METHODS: PBMCs were harvested from living donors by leukapheresis and MIC cells were manufactured under GMP conditions. Kidney transplant recipients received either 1.5x10E6 MIC cells per kg body weight on day -2 (N=3, group A), or 1.5x10E8 MIC cells per kg body weight on day -2 (N=3, group B) or day -7 (N=4, group C) before living donor kidney transplantation. Patients received immunosuppressive therapy with CyA, EC-MPS and CS. Primary outcome measure was the frequency of adverse events (AE) on day 30.

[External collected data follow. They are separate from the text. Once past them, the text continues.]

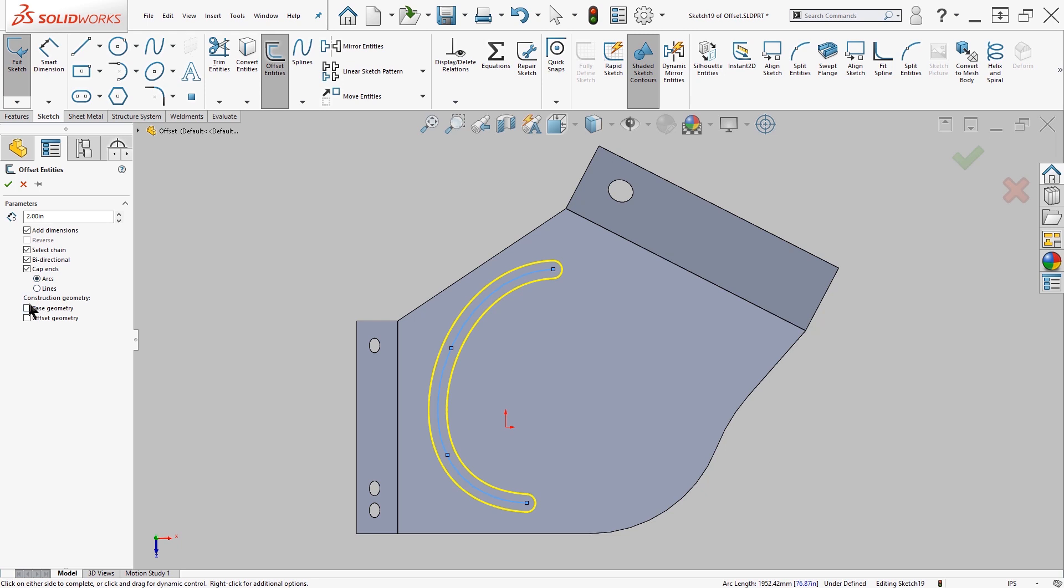Down at the bottom, I have the option to tell SolidWorks which of the geometries I'm creating is going to be construction—the base geometry or the offset geometry. In this case, I no longer need the base geometry, so I'll check that box and click the green checkmark OK.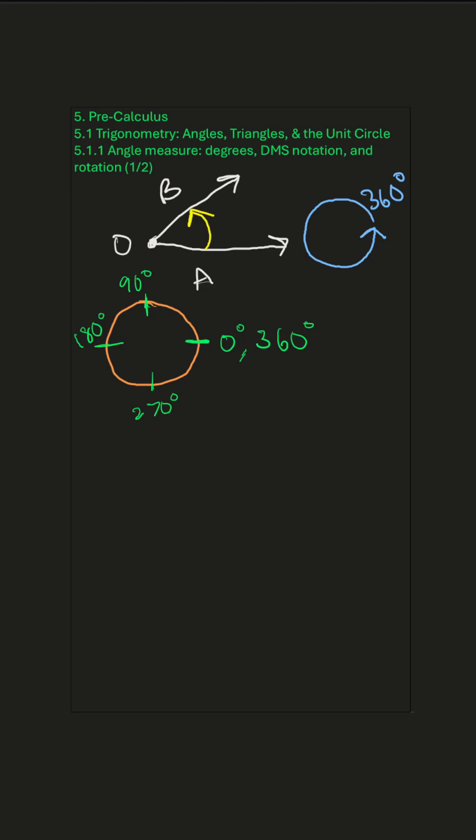So degrees are like checkpoints on the circle. If we start at our starting point and draw a ray there, if we want to turn up to 90, that is a quarter of a turn on the circle. And if we want to turn all the way to 180, that is a half a turn on the circle.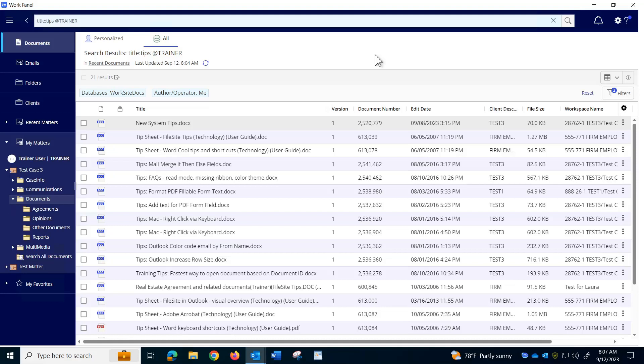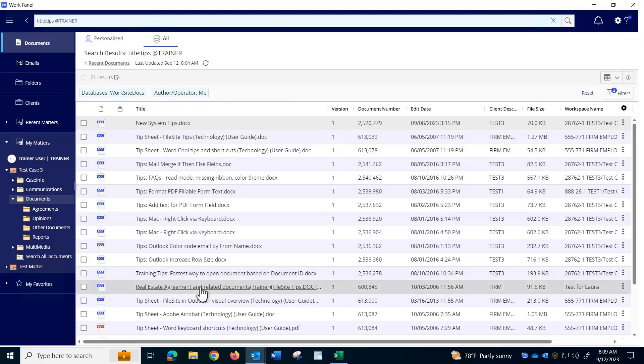Here I am in the iManage Work 10 work panel which is undocked and maximized, and I'm looking at the results of a search that I did. But you can export and then print any list that you display in this window.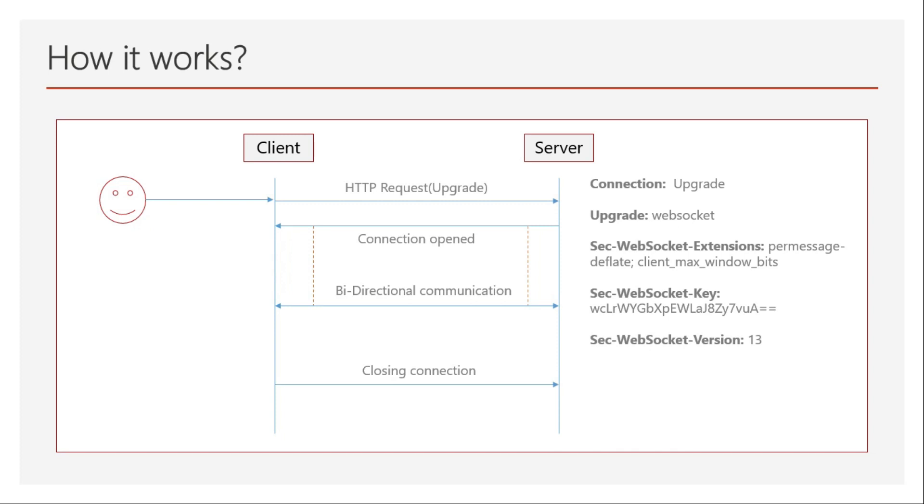The server can also close the connection, so both ways it can be done. But to open the connection, the client must send a request to the server. That means an HTTP request is involved in WebSocket connections. Let's talk about some features, benefits, and drawbacks so you'll understand more.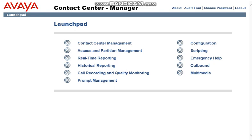Now we are taking this customer, we are upgrading this customer from Avaya Elite to AACC, and he was using IQ reports for his call center performance, for his agent performance.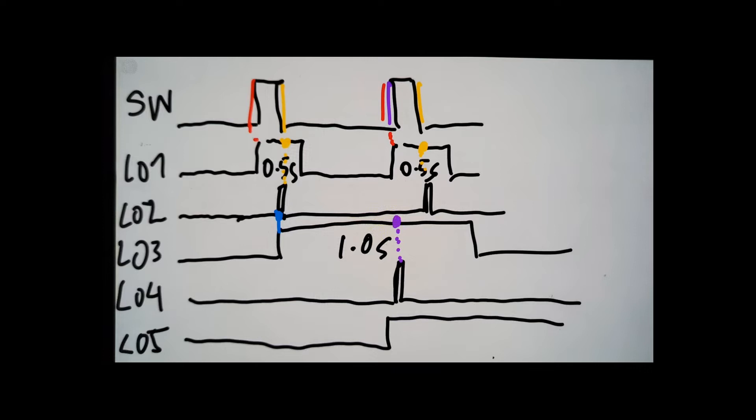It will basically time for one second, so that logic four will test whether you have started pressing in again within one second after pressing out. And then logic five captures the arming and the disarming through that process.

RESULTS: A total of 70 AEs including 4 severe AEs occurred in treated patients that were unrelated to MIC cell infusion. No positive cross match results, de novo donor specific antibodies, or rejection episodes but 2 infectious complications were recorded. Median serum creatinine on day 30 was 1.4 mg/dL with no significant proteinuria. In vitro, MIC cells were capable of inducing tolerogenic dendritic cells with low expression of costimulatory molecules CD80, CD86 and a 30% increase of immunosuppressive molecule CD103. During the observation phase beyond day 30 after surgery, serum creatinine remained stable (median 1.48 mg/dL on day 180) with no significant proteinuria (median 10 g/mol creatinine on day 180) and no rejection episodes. The patients from group C who received low-dose CyA and low-dose EC-MPS during the observation phase had no or only minimal reactivity against irradiated donor lymphocytes in mixed lymphocyte culture while reactivity against 3rd party lymphocytes was preserved. CD19+ B cells increased to a median of 300/µL until day 30 but decreased to a median of 35/µL on day 180. CD19+CD24highCD38high transitional Bregs increased from a median of 2% on day 30 to a median of 20% of the total CD19+ B cell pool on day 180. There was a strong increase in the plasma IL-10/TNFalpha ratio from a median of 0.05 before cell therapy to a median of 0.11 on day 180.

CONCLUSIONS: In summary, MIC cell therapy represents a promising option for individualized immunosuppression after living donor kidney Transplantation.